The team captured eight giraffes and administered gentle electric jolts to the sciatic nerve and part of the muscle in the hind leg. Carefully placed electrodes showed that the impulses travelled at a nifty velocity of 50.4ms−1 and that it took 13.4ms for muscle contraction to begin and 45.9ms to reach full force. Although this may seem speedy, the team points out that in rats, muscle contraction begins after 4.5ms and nerve impulses travel at 59.4m s−1. These delays mean that responses to stimuli can take at least 100ms, and as this is about half the time that a galloping giraffe's foot is on the ground, it doesn't leave much room for error.
Although giraffes are not as quick at sensing and responding to stimuli as their rodent compatriots, perhaps they sense and respond more precisely?
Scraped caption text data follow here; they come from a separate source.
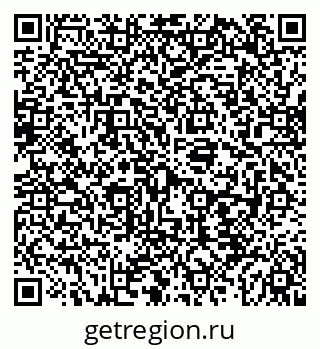 79087903029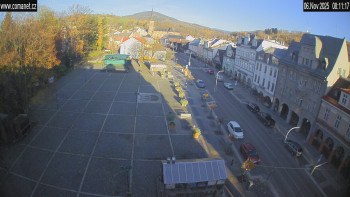 Snímek 6.11.2025 v 08:31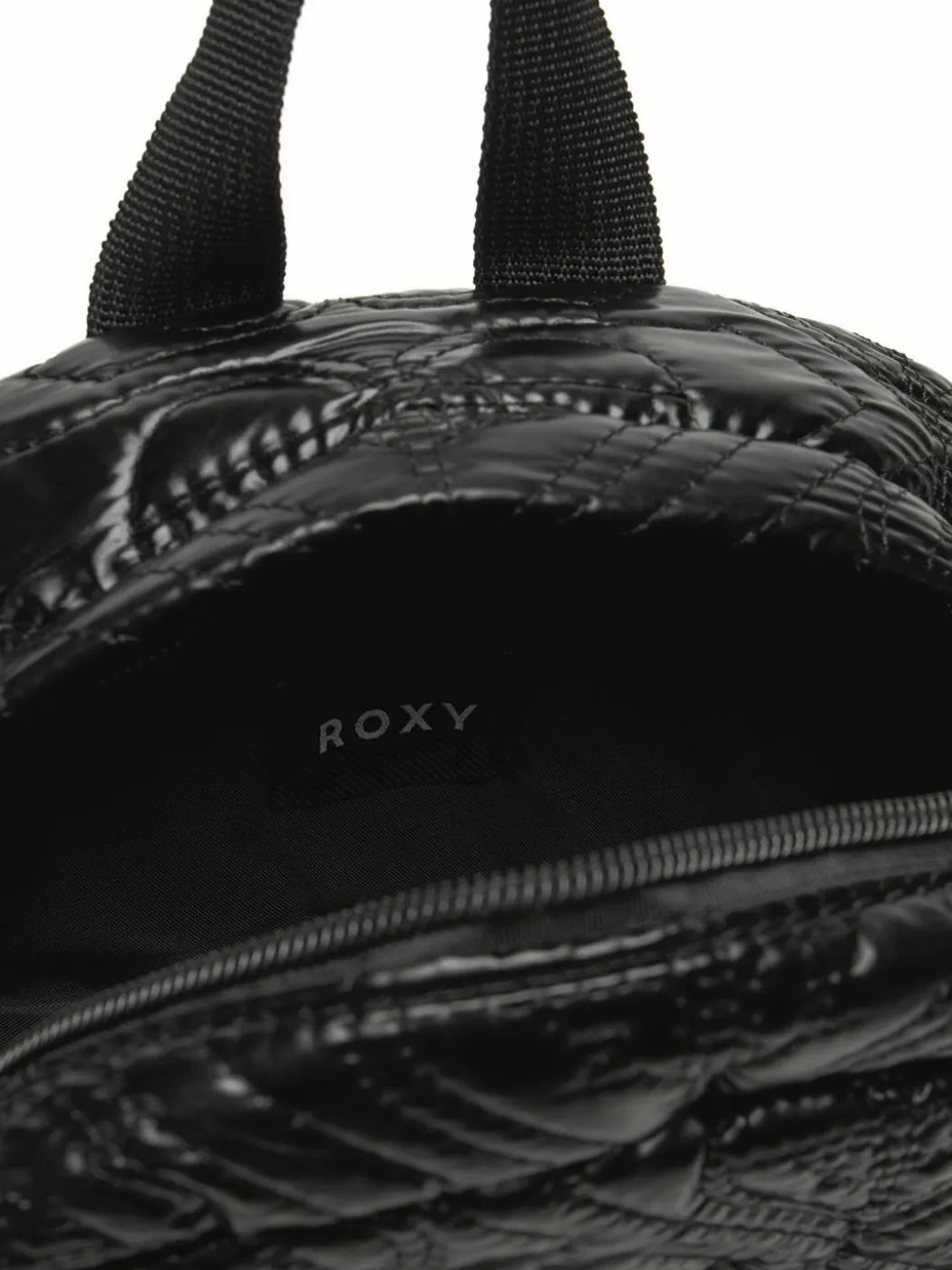 Zaino CEO-ROXY-ACCCS-06-AW2026 Nero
To investigate, the team measured how many nerve fibres made up the giraffe's sciatic nerve. As the number of fibres increases, so does the ability to fine-tune muscle movements and precisely detect stimuli. They found that giraffes have, on average, an impressive 106,697 fibres per sciatic nerve. However, to match the precision of the nimble rat they would need 5.6 million fibres per nerve. So, again it seems that rats may be more accurate at sensing and responding than their tall friends. However, as giraffes don't often stumble, they must have developed ways to overcome these disadvantages.